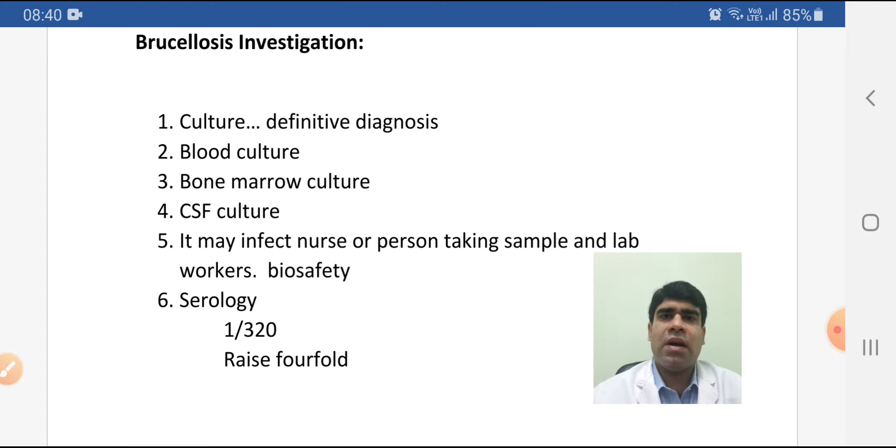When the CSF culture is positive, our treatment will be based on this and we have to wait until the culture is negative. The persons taking samples — whether nurse or another helper — are prone to be infected by brucellosis. The lab should be alerted and the test should be done with specific biosafety measures.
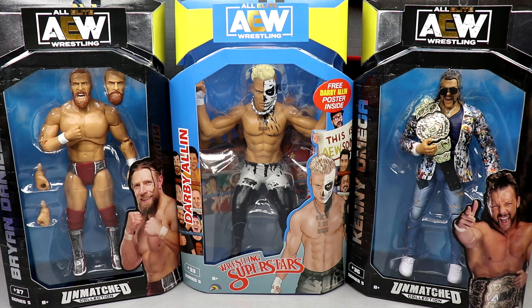What is good, everybody? Welcome back to another My Damn Toys video. Today we're back with AEW action figure reviews. More and more new figures coming at us. We have the AEW Unmatched Series number five — Bryan Danielson, Darby Allin, and Kenny Omega figures.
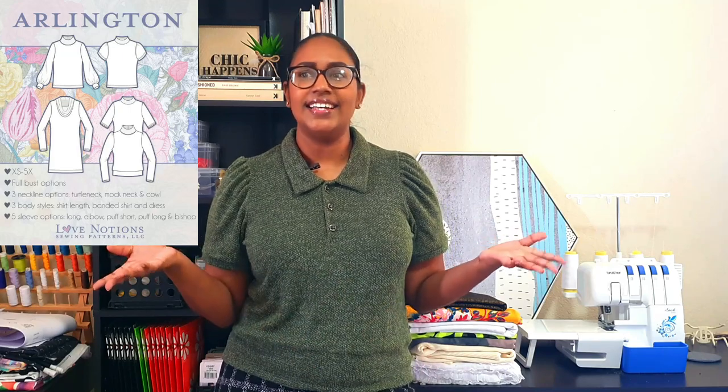How crazy is it that a basic style like a polo collar is trending in 2021? I was so surprised to see polos all over the online stores. I rarely buy clothes online anymore, but I do peruse the websites just to get inspiration and to see what is trending. I was so shocked to find polo collars are trending. I'm seeing them on a lot of cute tops and sweaters, and with the recent release of the Arlington sweater by Love Notions, I decided this is a perfect opportunity for me to try my hand at my own cute sweater polo top.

### WHAT IS BEING ASKED
Restate all of the material word for word, leaving every picture out.

### EXERCISE ANSWER
When the CSF culture is positive, our treatment will be based on this and we have to wait until the culture is negative. The persons taking samples — whether nurse or another helper — are prone to be infected by brucellosis. The lab should be alerted and the test should be done with specific biosafety measures.
What is good, everybody? Welcome back to another My Damn Toys video. Today we're back with AEW action figure reviews. More and more new figures coming at us. We have the AEW Unmatched Series number five — Bryan Danielson, Darby Allin, and Kenny Omega figures.
How crazy is it that a basic style like a polo collar is trending in 2021? I was so surprised to see polos all over the online stores. I rarely buy clothes online anymore, but I do peruse the websites just to get inspiration and to see what is trending. I was so shocked to find polo collars are trending. I'm seeing them on a lot of cute tops and sweaters, and with the recent release of the Arlington sweater by Love Notions, I decided this is a perfect opportunity for me to try my hand at my own cute sweater polo top.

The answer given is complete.